Matrice de confusion
Un tableau avec des explications expliquant les différentes catégories d'erreurs est également fourni sous la matrice de confusion. Les catégories d'erreurs par entité sontcorrectes,incorrectes,manquéeset parasites sont expliquées dans ce tableau.
Informations de rappel de précision
Vous pouvez utiliser ces informations pour vérifier la précision et le compromis du modèle. Les seuils et les valeurs de précision et de rappel correspondantes sont également fournis dans un tableau au-dessus du diagramme pour chaque entité. Ce tableau vous permettra de choisir le seuil souhaité à configurer dans votre workflow afin de décider quand envoyer les données à Action Center pour Human in the loop.

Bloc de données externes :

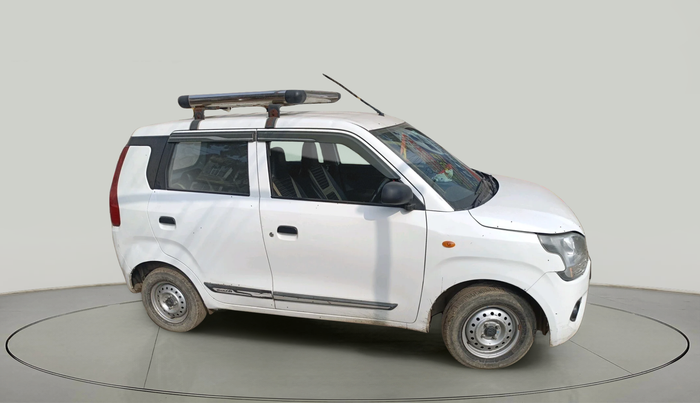 2021 Maruti New Wagon-R LXI CNG 1.0, Petrol, Manual, 57,346 km, exterior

Notez que plus le seuil choisi est élevé, plus la quantité de données acheminées vers Action Center pour Human in the loop sera élevée.
Il existe un diagramme et une table de rappel de précision pour chaque entité.
Pour obtenir un exemple de table de rappel de précision par entité, consultez le tableau ci-dessous.
seuil | précision | rappel |
---|---|---|
0,5 | 0.9193 | 0.979 |
0.55 | 0.9224 | 0.9777 |
0.6 | 0.9234 | 0.9771 |
0,65 | 0.9256 | 0.9771 |
0.7 | 0.9277 | 0.9759 |
0,75 | 0.9319 | 0.9728 |
0.8 | 0.9356 | 0.9697 |
0.85 | 0.9412 | 0.9697 |
0,9 | 0.9484 | 0.9666 |
0,95 | 0.957 | 0.9629 |
Pour obtenir un exemple de diagramme de rappel de précision par entité, consultez la figure ci-dessous.
Fichier CSV d'évaluation
Il s'agit d'un fichier CSV contenant des prédictions sur l'ensemble de tests utilisé pour l'évaluation. Le fichier contient les colonnes :
- Texte (Text) - Le texte utilisé pour l'évaluation.
- Actual_entities (Actual_entities) : les entités qui ont été fournies en tant que données labellisées dans l'ensemble de données d'évaluation.
- Predicted_entities : les entités que le modèle entraîné a prédites.
- Nombres de types d'erreurs (Error_type_counts) : la différence entre les entités réelles et les entités prévues, classées par types d'erreurs.